40 Examples Of ‘Nice Girls’, A Female Equivalent Of The Toxic ‘Nice Guys’ Interview
There is a vast valley with steep slopes and a raging river winding its way through the bottom that separates the people who are genuinely nice and those who only proclaim themselves to be ‘nice.’ Most of us know from experience that guys who are actually nice act very differently than those who are ‘nice guys.’
However, this post isn’t about nice guys. No, this one is about nice girls. Or rather—‘nice girls’ who believe they’re entitled to ‘perfect’ partners while dripping with hatred for the world and showing their true colors when things don’t go their way. In fact, there’s a place where they get called out: the r/Nicegirls subreddit that proves that fake ‘niceness’ knows no gender boundaries. See for your yourselves, dear Pandas. Be sure to read on for Bored Panda's interview with one of the moderators of the subreddit, user CTFOE_is_Free.
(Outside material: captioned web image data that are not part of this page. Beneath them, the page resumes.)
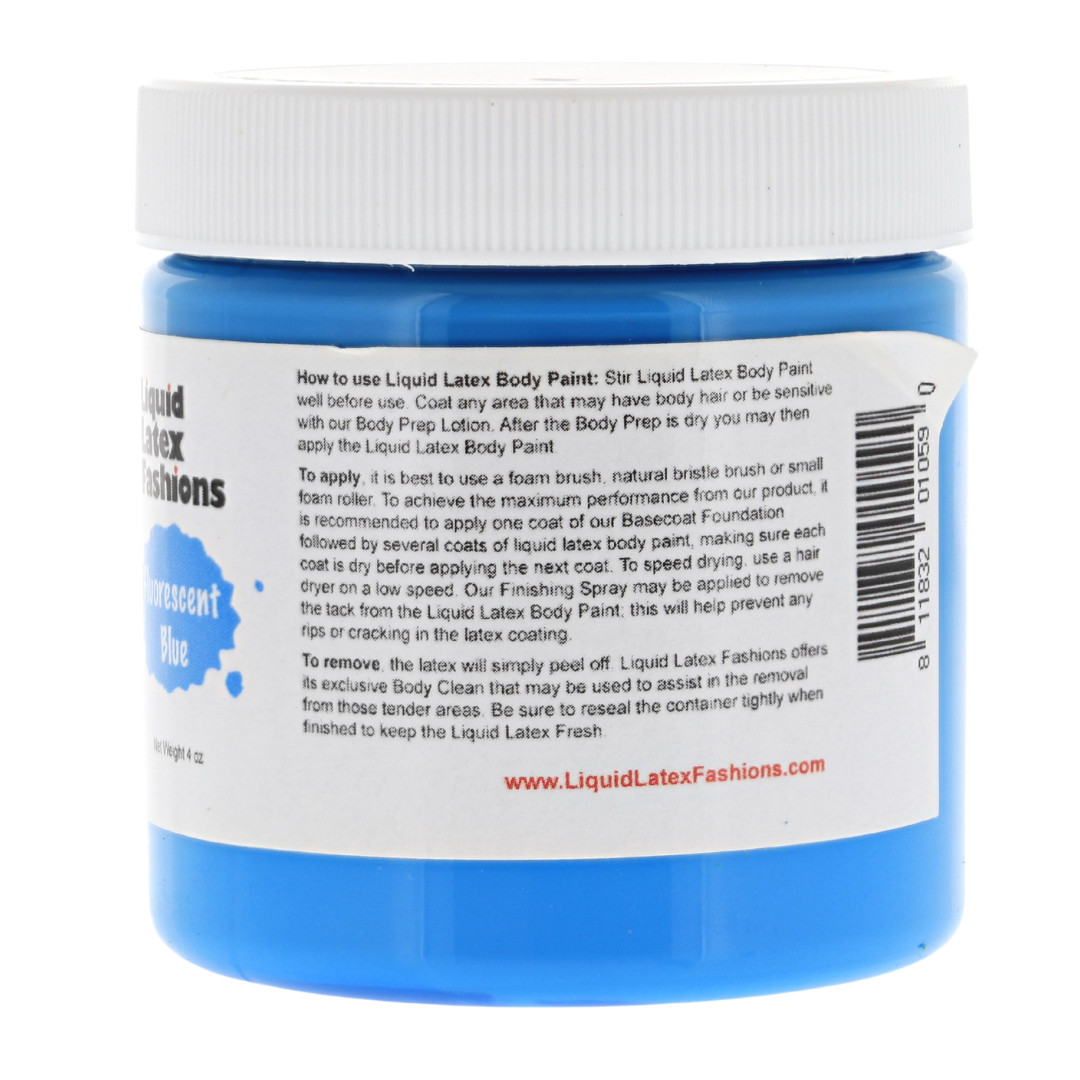 Fluorescent Blue 4 Fl Oz – Liquid Latex Face and Body Paint, SFX, Cosplay, Art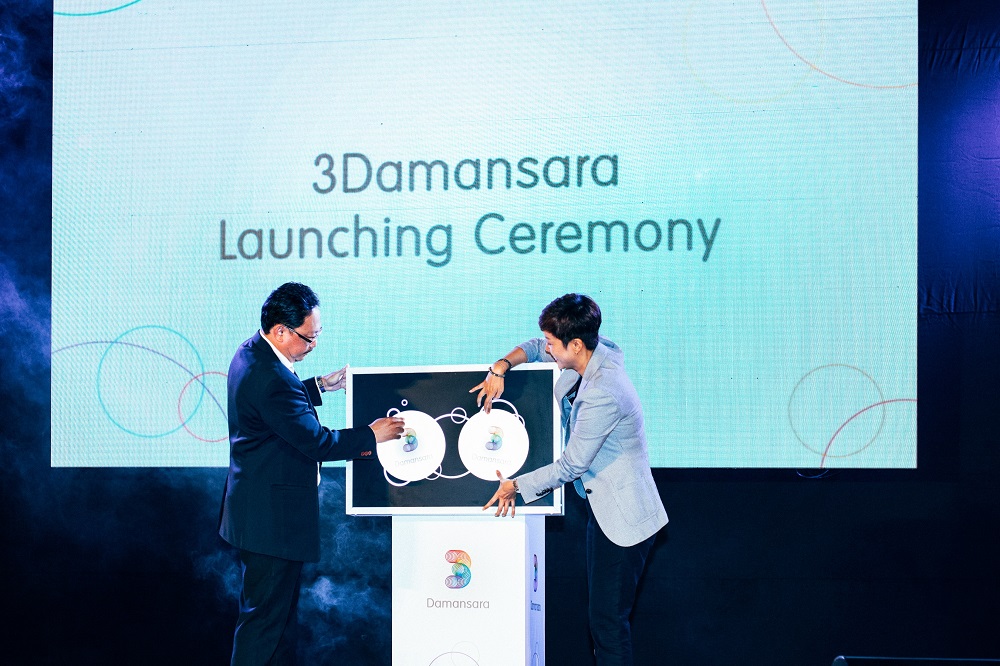 Unveiling the new 3 Damansara logo.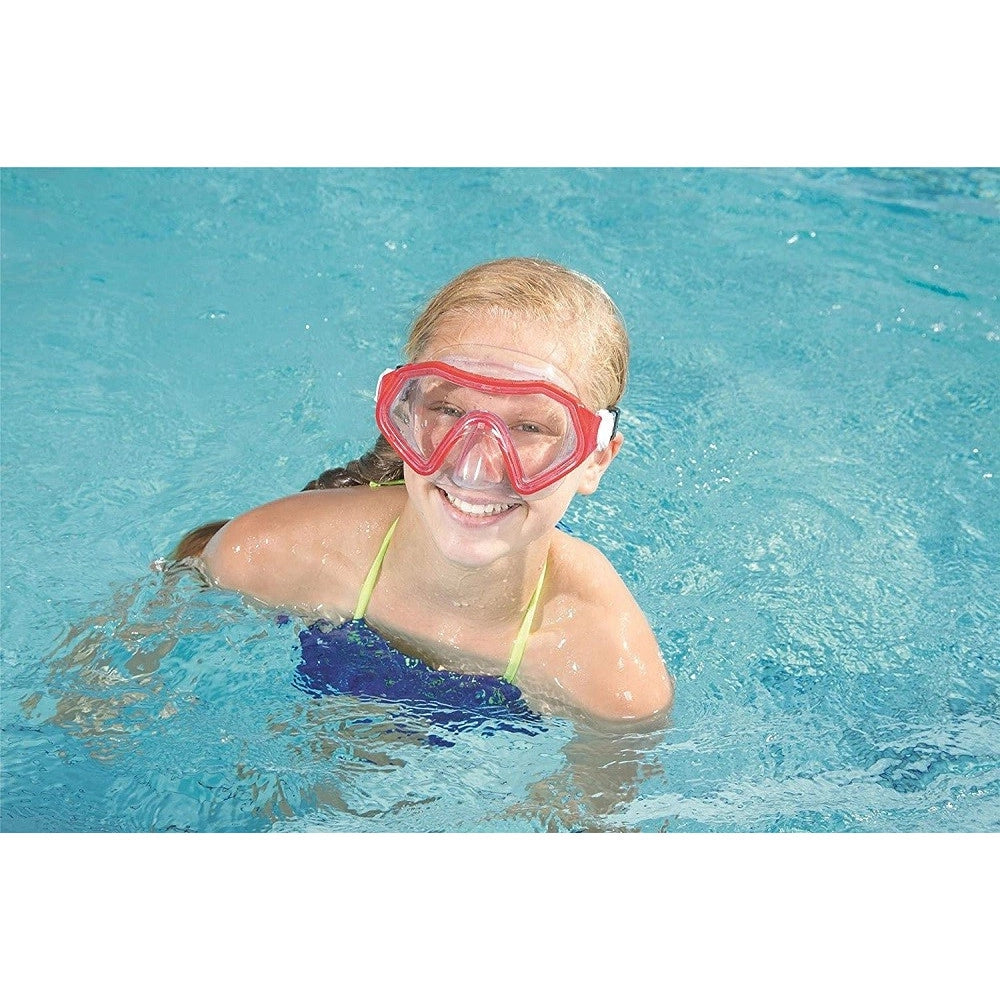 Trade Shop - Maschera Subacquea Per Bambini Sparkling Sea 7-14 Anni Colori Assortiti 22049 -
Selfishness and altruism aren't as black and white as you might think. According to research, human history has shown that some forms of selfishness can be considered to be "healthy" while some altruism can be "pathological." Healthy selfishness led to higher levels of psychological well-being and a "genuine prosocial orientation." Meanwhile, pathological altruism was associated with vulnerable narcissism and selfish motivations for helping others. If that sounds familiar, it's the scientific basis for the difference between nice and 'nice.'
Moderator CTFOE_is_Fee told Bored Panda that the reason why some women are 'nice girls' is a combination of a few factors. "Some of them are too immature to realize what they're doing. Others are that manipulative on purpose. Lastly, some do not even realize what they're doing," they explained.
We were curious to find out where the line between genuine niceness and fake 'niceness' was for the moderator. Here's what they had to say: "Personally, for me, the line is drawn when you can tell that someone is being passive-aggressive; when you can sense the subdued maliciousness in their words and actions. If your gut is telling you that something is not genuine about the person then they probably are not genuine. I think we've all experienced a few relationships like that in our lives. I do not see there being a large grey area between the two. You know when someone is being kind or not."
According to CTFOE_is_free, one of the things that new members need to keep in mind if they decide to join up is to read and follow the subreddit rules. "We have a strict No doxxing policy, as we work to respect and protect the privacy of the subjects of the content as well as that of the posters."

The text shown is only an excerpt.